Darrow, with Jerry Avorn and Aaron S. Kesselheim, both with the Division of Pharmacoepidemiology & Pharmacoeconomics at Brigham & Women’s Hospital, found that faster approvals were related to legislative and regulatory modifications that started in the 1980s. Although there are probably several reasons for those changes beginning in that period, much of it is likely related to the beginning of the HIV epidemic and demands from patient populations and advocates to fund more research and get therapies–any therapies—to market faster.
Just some of those regulations include: the 21st Century Cures Act (2016), which authorized funds for the Precision Medicine Initiative and Cancer Moonshot; the Biologics Price Competition and Innovation Act (BPCIA, 2010), creating an abbreviated pathway for follow-on biologic products; Breakthrough Therapy designation (2012), for drugs that showed substantial improvement over existing therapies; the Hatch-Waxman Act (1984), which created an Abbreviated New Drug Application pathway for drugs approved after 1962; and the Pediatric Research Equity Act (2003), which required results from pediatric assessments to be submitted as part of New Drug Applications (NDAs).

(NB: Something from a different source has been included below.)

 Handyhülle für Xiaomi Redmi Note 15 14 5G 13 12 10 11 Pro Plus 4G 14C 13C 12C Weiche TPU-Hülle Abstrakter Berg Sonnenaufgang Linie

Congress also passed the Prescription Drug User Fee Act in 1993, and that first year, FDA collected $29 million in fees. In 2018, the agency brought in $908 million in PDUFA fees. Or, as the study notes, industry fees were responsible for about 80% of the money spent on FDA employee salaries for drug reviews.
“There is some concern about the incentives that this created within the FDA,” Darrow told NPR. “And whether it has created a culture in the FDA where the primary client is no longer viewed as the patient, but as the industry.”

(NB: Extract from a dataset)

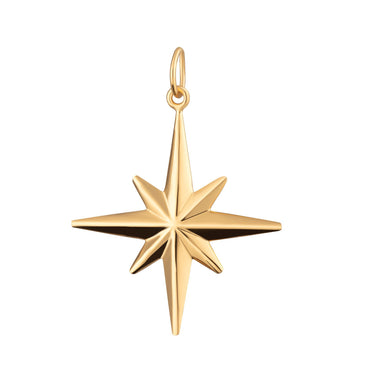 Large Faceted Starburst Charm Gold Plated Charm by Scream Pretty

Another factor that is related, is the concept of me-too drugs. These are basically drugs that are very structurally similar to approved drugs, with only minor differences. That’s not necessarily a bad thing, because they need to be at least as good as the drugs already on the market, and generally need to be better—although not necessarily by much. Which does mean a number of companies spend time on developing drugs that are only incrementally better than others on the market.
Joshua Sharfstein, former FDA Principal Deputy Commissioner, told NPR that there are more changes needed to ensure drugs are worthwhile for patients. “Some of them are really great, and some of them [are] not so great. And a lot of them are very expensive.”
Sharfstein is currently a professor at the Johns Hopkins Bloomberg School of Public Health. He wrote an editorial in JAMA that accompanied the newer study. In it, he suggests it’s time to reevaluate the FDA’s expedited approval programs to determine which ones are working and which ones are increasing healthcare costs.
“We’ve kind of reached a point where it makes sense to pause and see whether we can do things better,” Sharfstein said. “And I think we can.”